Schwierige Verhandlungen erwartet

Die Konferenz in Montreal, auch CBD COP15 genannt, sollte ursprünglich in China stattfinden, wurde aufgrund der Coronapandemie aber mehrfach verschoben. Worum es konkret geht und was Deutschlands Ziele bei der knapp zweiwöchigen Konferenz sind, zeigt diese Übersicht.

Wofür steht CBD COP15?
CBD steht für Convention on Biological Diversity, COP für Conference of the Parties – es treffen sich also die Vertragsparteien des Übereinkommens der Vereinten Nationen zur biologischen Vielfalt, insgesamt 196 Staaten. Der diesjährige 15. Gipfel gilt vielen als letzte Chance, den Niedergang der Natur aufzuhalten. Die Umweltministerin erwartet schwierige Verhandlungen: „Es hat sicherlich günstigere Zeitpunkte gegeben für multilaterale Abkommen für Umwelt- und Naturschutz.“

Was sind die Probleme?
Biologische Vielfalt sichert die Lebensgrundlagen für die Menschen. Gesunde Böden, Insekten und vielfältige Pflanzen sind Voraussetzung für eine funktionierende Landwirtschaft und die Ernährung der Weltbevölkerung. Die Natur liefert viele Inhaltsstoffe für Arzneimittel. Wälder und Moore binden Kohlendioxid aus der Atmosphäre und speichern es langfristig.

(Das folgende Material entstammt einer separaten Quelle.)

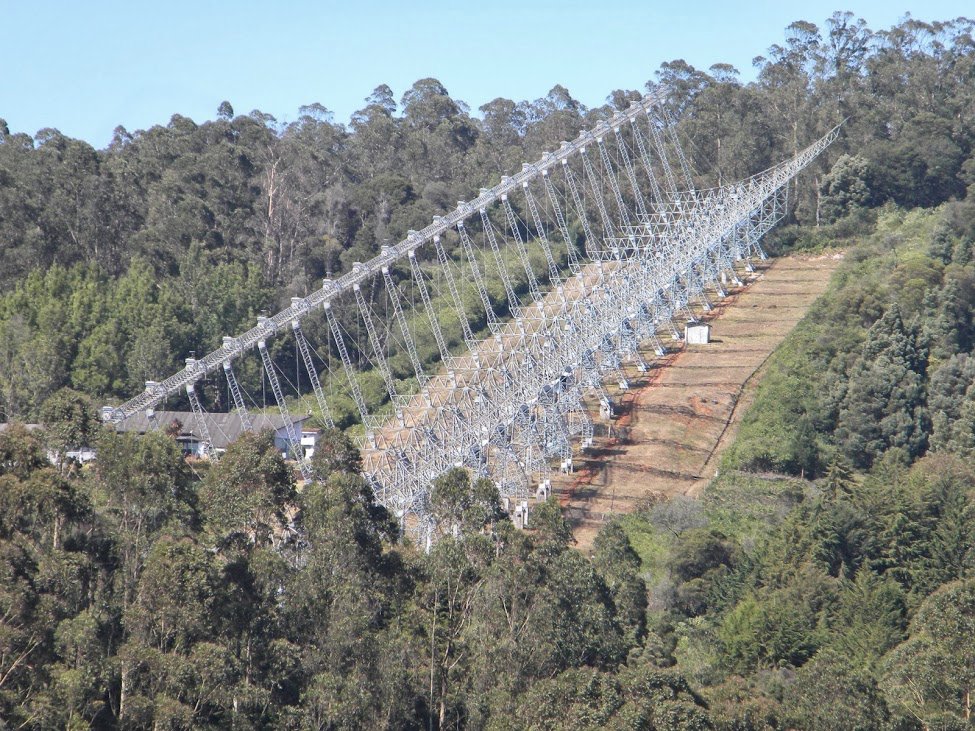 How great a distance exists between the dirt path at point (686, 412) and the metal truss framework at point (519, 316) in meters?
1.32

Rotes Moor in der hessischen Rhön

Menschen dringen aber immer weiter in die Lebensräume von Tieren und Pflanzen vor und zerstören sie. Letztendlich geht es in Montreal also um die Schlüsselfrage, wie Naturschutz und -nutzung in Einklang zu bringen sind, auch um die Gefahr von Pandemien einzugrenzen.

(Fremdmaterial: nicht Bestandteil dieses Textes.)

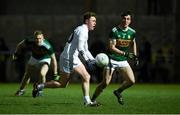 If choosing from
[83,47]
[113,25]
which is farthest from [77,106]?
[113,25]

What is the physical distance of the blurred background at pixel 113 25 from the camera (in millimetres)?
32531

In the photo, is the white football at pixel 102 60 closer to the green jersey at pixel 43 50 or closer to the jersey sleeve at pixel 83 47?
the jersey sleeve at pixel 83 47

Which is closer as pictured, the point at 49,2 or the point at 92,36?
the point at 92,36

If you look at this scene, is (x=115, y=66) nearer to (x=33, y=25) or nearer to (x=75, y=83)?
(x=75, y=83)

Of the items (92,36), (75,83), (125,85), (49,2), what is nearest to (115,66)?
(125,85)

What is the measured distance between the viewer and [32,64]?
21.1 m

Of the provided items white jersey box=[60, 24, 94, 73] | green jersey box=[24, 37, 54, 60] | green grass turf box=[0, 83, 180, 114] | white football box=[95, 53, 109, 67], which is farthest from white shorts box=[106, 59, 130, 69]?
green jersey box=[24, 37, 54, 60]

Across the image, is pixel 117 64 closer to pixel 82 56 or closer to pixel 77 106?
pixel 82 56

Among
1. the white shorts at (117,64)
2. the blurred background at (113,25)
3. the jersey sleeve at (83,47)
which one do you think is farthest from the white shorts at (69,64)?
the blurred background at (113,25)

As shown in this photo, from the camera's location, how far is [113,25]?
34.8 m

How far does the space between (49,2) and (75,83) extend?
9.15 m

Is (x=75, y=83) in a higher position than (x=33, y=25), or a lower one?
lower

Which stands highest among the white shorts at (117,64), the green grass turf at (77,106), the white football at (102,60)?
the white football at (102,60)

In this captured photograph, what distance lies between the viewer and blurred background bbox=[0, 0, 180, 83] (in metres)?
32.5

>> Lesen Sie hier: Umwelt- und Klimaschutz hilft auch gegen Pandemien

Was bedeutet der Verlust der biologischen Vielfalt konkret?
Etwa eine Million Tier- und Pflanzenarten sind vom Aussterben bedroht. In Deutschland etwa nimmt die Zahl der Insektenarten seit Jahren ab, etwa bei Wildbienen. Damit gehen wichtige Leistungen verloren, wie die Bestäubung von Pflanzen. Weltweit sind 75 Prozent der Nahrungspflanzenarten auf Tierbestäubung angewiesen. Von Bienen bestäubte Pflanzen tragen zu etwa einem Drittel zur menschlichen Ernährung bei. Insekten haben aber noch weitere Funktionen. Sie dienen als Futter für andere Arten, sorgen für den Abbau organischer Masse, sind biologische Schädlingsbekämpfer, halten Gewässer sauber und Böden fruchtbar.

Gibt es einen Wert für Biodiversität?
Wissenschaftler schätzen den volkswirtschaftlichen Gesamtwert der von einer intakten Natur erbrachten Dienstleistungen auf 170 bis 190 Billionen US-Dollar pro Jahr. „Das aktuelle Wirtschaftsmodell nimmt diese Leistungen der Natur unbezahlt in Anspruch“, heißt es in der „Frankfurter Erklärung“. Die Folge: eine Übernutzung und Vernichtung der natürlichen Ressourcen „und somit unserer wichtigsten Lebensgrundlage“.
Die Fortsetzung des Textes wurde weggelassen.